■ **INPUT DATA**:
..............................
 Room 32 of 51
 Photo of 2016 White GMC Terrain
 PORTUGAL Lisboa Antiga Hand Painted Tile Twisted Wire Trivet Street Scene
..............................
■ **WHAT YOU ARE ASKED TO DO**: Copy every line above exactly.

■ **SOLUTION**:
 Room 32 of 51
 Photo of 2016 White GMC Terrain
 PORTUGAL Lisboa Antiga Hand Painted Tile Twisted Wire Trivet Street Scene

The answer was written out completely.